In an incredibly lucky twist of fate, I accidentally registered for an introductory computer science class my freshman year of college. With my very first “Hello, World,” I knew that this was what I was born to do. I transferred schools and changed majors, eventually graduating with a Computer Science degree and co-founding a web development shop shortly thereafter.
What is your favorite part of your business?
My favorite part of my work is solving problems. That's the easy answer, though. My favorite part of my business is the opportunity to communicate about complex technical ideas with sometimes-non-technical humans. I've never believed that programmers are inherently bad communicators, and I absolutely love the opportunity to help others understand the work we've done or are doing for them. As an extension of that, I also love our process for taking on rescue projects, a process that acknowledges that establishing trust is the most important project requirement, and allows us to jump into partially completed or broken code in order to see a project through to deployment.
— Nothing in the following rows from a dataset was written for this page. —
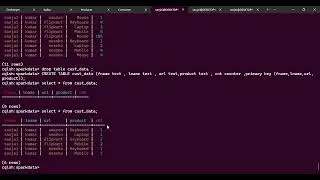 Data Streaming Pipeline using Apache Kafka, Spark Structured Streaming, and Cassandra - Demo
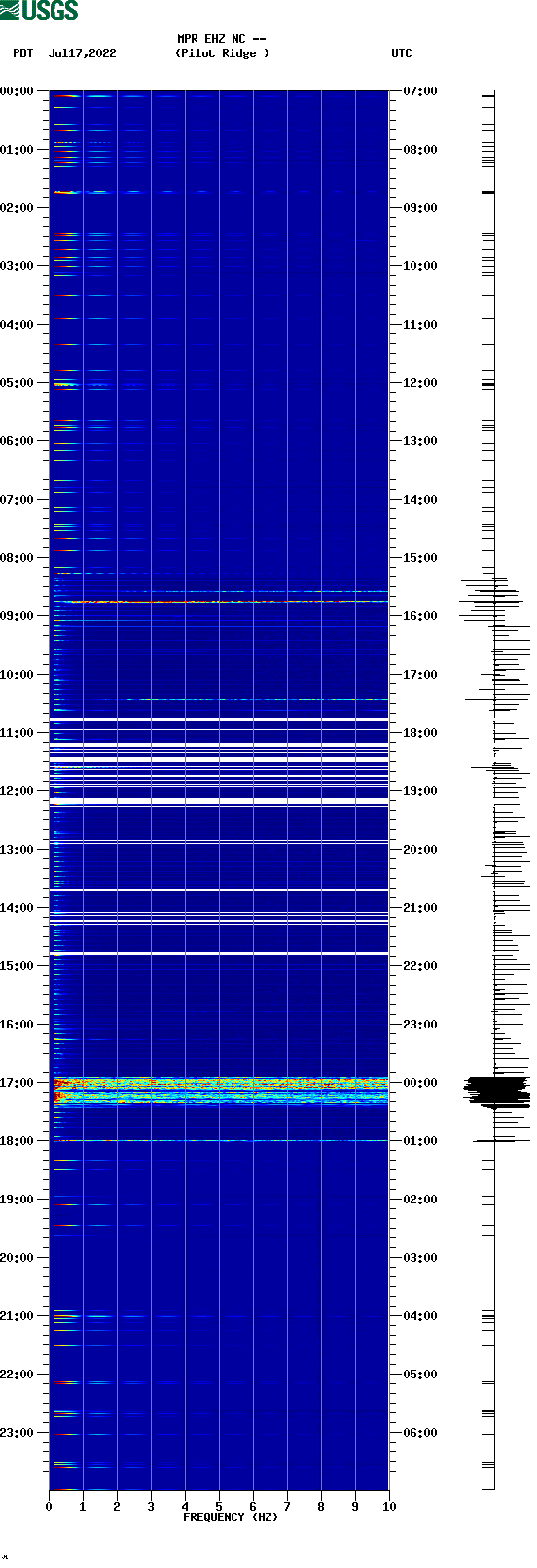 spectrogram plot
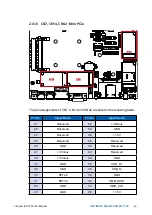 Preview for 42 page of Vecom IVH-7700 User Manual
What was one of best challenges you overcame as you grew your business to what it is today?
I like the positivity here. “Best” challenges. I don't know if it's the best challenge that I overcame, but my favorite, seldom-discussed challenge is Perfection Creep. Perfection Creep is the term I use to describe my tendency as a developer to ignore time/budget remaining on a project in pursuit of the most perfect solution.
Except, done is better than perfect.
How did your business life change when you had kids?
How much time do you have?
Having children helped me realize the value of working for myself. I set my own hours, mostly, and I can be there for activities, or work from home when the babysitter is sick. Beyond just working at home, my “office” can be virtually anywhere. (This can be both a blessing and a curse. For example, sometimes you might have to take a laptop into Magic Kingdom and fight a DDoS attack from the back of the Country Bear Jamboree...hypothetically.) Because of the benefit remote work provided to my family, we made the decision as a company to become a fully distributed team. Now we can each work in the places that make us the happiest, and spend the maximum amount of time with the ones we love the most. Disclaimer: I still work in an office that is not in my home most of the time, because I, personally, require that separation. Your mileage may vary.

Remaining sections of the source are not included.